Purpose: Individuals affected by restless legs syndrome (RLS) tend to have familial predispositions without fully explained by genetic variants, and transcriptomic analysis may help elucidate the pathogenic mechanisms of RLS. The study aims to investigate transcriptomic changes and underlying pathological mechanisms in familial and sporadic idiopathic RLS to uncover potential contributors to its pathogenesis.

Patients and methods: This study included 37 RLS patients, 39 unrelated healthy controls and 19 healthy relatives of RLS patients with a positive family history. Messenger RNA (mRNA) extracted from the peripheral blood mononuclear cells of these participants was analyzed via next-generation sequencing, followed by GO and KEGG pathway analyses. Differentially expressed mRNAs were validated by RT-qPCR in a subset of patients and controls. The relationships between the expression levels and clinical indices were evaluated via correlation analysis.

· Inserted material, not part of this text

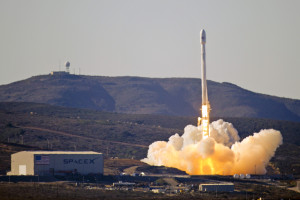 The launch of the first Falcon 9 v1.1 from SLC-4, Vandenberg AFB (Falcon 9 Flight 6) on September 29, 2013. Photo: Wikipedia.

Results: After comparing with unrelated healthy controls and excluding genes with similar expression patterns in familial healthy controls, we identified nine upregulated and 28 downregulated mRNAs specifically in RLS patients. GO enrichment analysis indicated that these mRNAs are involved in protein binding and catalytic activity. KEGG analysis revealed that inflammation-related signaling pathways and cell adhesion molecules (CAMs) may be associated with RLS. Three specific mRNAs, including SPARCL1, CCL8 and SELE, demonstrated notably downregulated expression in RLS patients and were subsequently validated in a subset of 10 patients and 19 healthy controls.

Conclusion: This study revealed differentially expressed SPARCL1, CCL8 and SELE in RLS patients, indicating the potential involvement of inflammatory pathways and CAMs in RLS pathogenesis. These findings further support the association between RLS, inflammation, and synaptic transmission, providing insights into potential diagnostic and therapeutic strategies targeting these pathways.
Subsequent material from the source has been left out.